**Information supplied:**
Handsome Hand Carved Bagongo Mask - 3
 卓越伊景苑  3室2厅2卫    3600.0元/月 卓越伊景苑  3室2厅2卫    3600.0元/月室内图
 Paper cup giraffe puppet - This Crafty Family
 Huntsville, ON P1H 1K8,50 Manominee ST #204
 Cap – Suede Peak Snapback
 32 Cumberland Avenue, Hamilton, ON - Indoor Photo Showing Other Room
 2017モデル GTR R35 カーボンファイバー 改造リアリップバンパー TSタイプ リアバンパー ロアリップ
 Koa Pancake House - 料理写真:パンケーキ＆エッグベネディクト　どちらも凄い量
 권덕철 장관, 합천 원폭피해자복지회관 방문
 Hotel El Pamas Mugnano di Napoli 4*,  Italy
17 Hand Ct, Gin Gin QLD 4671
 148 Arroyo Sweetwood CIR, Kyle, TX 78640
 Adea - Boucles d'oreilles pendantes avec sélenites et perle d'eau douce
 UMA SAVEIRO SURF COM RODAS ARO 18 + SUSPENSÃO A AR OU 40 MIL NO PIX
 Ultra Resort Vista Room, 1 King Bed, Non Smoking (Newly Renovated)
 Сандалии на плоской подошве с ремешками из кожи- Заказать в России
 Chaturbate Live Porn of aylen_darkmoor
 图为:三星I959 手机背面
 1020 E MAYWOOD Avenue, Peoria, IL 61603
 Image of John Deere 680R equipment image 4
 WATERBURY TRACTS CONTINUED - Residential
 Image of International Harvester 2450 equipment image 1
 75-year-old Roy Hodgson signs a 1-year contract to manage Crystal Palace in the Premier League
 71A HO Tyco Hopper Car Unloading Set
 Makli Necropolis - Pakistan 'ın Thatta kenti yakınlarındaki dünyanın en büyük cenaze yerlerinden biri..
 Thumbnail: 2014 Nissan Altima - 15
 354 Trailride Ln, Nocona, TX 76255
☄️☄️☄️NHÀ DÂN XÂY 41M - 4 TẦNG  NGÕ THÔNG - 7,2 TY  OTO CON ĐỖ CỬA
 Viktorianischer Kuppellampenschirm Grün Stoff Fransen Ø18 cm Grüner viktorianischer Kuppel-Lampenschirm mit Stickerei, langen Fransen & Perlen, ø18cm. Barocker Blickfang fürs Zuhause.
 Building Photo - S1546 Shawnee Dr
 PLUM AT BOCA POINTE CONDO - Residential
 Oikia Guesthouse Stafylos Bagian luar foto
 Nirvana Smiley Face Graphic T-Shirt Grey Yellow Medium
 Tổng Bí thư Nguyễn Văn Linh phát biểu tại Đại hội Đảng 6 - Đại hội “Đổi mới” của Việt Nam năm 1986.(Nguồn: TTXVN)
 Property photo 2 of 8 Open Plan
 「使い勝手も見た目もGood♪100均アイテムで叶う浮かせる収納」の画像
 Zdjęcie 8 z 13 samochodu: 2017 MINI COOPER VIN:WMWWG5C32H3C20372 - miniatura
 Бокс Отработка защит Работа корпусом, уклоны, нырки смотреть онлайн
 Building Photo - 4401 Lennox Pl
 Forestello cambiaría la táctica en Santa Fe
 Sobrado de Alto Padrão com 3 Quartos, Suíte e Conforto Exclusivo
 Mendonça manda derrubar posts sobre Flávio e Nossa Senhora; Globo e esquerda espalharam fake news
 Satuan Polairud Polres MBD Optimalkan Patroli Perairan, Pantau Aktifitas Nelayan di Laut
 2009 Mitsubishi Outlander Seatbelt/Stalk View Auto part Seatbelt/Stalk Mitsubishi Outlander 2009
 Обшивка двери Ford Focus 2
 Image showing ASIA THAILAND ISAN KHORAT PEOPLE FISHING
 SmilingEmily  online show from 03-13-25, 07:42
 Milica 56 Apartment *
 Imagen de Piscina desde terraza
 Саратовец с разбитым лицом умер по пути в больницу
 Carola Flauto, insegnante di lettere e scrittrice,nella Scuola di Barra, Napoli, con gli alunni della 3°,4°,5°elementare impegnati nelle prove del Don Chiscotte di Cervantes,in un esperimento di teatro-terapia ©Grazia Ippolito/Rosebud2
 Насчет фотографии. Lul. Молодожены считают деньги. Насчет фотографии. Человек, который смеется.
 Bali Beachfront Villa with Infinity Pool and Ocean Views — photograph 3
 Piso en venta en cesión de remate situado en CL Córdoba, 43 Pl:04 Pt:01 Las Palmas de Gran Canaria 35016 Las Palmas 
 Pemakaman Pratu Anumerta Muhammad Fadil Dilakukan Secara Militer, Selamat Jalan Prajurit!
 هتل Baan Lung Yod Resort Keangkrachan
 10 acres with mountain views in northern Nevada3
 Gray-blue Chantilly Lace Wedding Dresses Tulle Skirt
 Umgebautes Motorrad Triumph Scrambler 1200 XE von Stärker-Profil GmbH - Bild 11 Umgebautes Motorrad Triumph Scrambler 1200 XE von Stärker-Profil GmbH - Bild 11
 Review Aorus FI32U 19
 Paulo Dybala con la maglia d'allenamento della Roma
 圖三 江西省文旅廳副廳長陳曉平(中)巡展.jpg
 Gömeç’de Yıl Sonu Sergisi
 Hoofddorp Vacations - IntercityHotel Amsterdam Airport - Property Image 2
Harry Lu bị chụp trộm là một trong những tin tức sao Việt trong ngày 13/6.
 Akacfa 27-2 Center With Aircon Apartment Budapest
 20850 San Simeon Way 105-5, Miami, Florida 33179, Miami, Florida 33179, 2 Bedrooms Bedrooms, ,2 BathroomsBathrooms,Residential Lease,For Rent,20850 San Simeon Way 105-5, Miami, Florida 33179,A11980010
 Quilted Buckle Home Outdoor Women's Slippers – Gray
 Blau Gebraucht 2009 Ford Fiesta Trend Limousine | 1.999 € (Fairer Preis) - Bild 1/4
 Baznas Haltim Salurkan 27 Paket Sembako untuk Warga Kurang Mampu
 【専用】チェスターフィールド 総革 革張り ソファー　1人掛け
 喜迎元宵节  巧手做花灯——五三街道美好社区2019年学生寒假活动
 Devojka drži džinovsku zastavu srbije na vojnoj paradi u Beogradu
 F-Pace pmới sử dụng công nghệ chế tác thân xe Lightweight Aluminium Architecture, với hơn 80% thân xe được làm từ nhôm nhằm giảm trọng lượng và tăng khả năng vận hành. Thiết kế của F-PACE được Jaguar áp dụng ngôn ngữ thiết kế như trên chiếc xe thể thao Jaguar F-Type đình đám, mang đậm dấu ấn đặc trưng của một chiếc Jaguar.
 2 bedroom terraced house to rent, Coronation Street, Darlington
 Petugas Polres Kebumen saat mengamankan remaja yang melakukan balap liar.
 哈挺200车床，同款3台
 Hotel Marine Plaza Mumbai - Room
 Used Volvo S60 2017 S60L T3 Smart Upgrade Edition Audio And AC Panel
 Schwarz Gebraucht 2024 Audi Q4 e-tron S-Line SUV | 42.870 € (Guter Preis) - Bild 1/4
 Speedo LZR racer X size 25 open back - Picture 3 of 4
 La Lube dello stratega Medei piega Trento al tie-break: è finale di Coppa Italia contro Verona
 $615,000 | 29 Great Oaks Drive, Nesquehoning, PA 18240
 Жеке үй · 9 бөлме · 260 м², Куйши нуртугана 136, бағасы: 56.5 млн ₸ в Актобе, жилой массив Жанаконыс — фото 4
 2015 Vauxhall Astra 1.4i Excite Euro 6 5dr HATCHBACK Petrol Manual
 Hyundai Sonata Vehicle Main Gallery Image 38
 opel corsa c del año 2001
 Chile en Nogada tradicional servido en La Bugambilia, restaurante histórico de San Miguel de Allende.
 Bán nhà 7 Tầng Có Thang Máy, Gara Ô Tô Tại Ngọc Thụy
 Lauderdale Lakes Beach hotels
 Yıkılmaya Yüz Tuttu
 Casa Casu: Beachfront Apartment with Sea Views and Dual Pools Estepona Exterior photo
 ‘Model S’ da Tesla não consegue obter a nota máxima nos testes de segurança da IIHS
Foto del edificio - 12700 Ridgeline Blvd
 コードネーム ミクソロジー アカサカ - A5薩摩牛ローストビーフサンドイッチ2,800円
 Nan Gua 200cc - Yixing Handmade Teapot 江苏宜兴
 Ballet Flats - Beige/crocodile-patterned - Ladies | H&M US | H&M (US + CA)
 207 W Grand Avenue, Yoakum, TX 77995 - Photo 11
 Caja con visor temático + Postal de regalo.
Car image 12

**Exercise details:** Copy, please, every line from the start of the entries down to the line that holds "1020 E MAYWOOD Avenue, Peoria, IL 61603", with both of those lines included and no others.

**Solved problem:**
Handsome Hand Carved Bagongo Mask - 3
 卓越伊景苑  3室2厅2卫    3600.0元/月 卓越伊景苑  3室2厅2卫    3600.0元/月室内图
 Paper cup giraffe puppet - This Crafty Family
 Huntsville, ON P1H 1K8,50 Manominee ST #204
 Cap – Suede Peak Snapback
 32 Cumberland Avenue, Hamilton, ON - Indoor Photo Showing Other Room
 2017モデル GTR R35 カーボンファイバー 改造リアリップバンパー TSタイプ リアバンパー ロアリップ
 Koa Pancake House - 料理写真:パンケーキ＆エッグベネディクト　どちらも凄い量
 권덕철 장관, 합천 원폭피해자복지회관 방문
 Hotel El Pamas Mugnano di Napoli 4*,  Italy
17 Hand Ct, Gin Gin QLD 4671
 148 Arroyo Sweetwood CIR, Kyle, TX 78640
 Adea - Boucles d'oreilles pendantes avec sélenites et perle d'eau douce
 UMA SAVEIRO SURF COM RODAS ARO 18 + SUSPENSÃO A AR OU 40 MIL NO PIX
 Ultra Resort Vista Room, 1 King Bed, Non Smoking (Newly Renovated)
 Сандалии на плоской подошве с ремешками из кожи- Заказать в России
 Chaturbate Live Porn of aylen_darkmoor
 图为:三星I959 手机背面
 1020 E MAYWOOD Avenue, Peoria, IL 61603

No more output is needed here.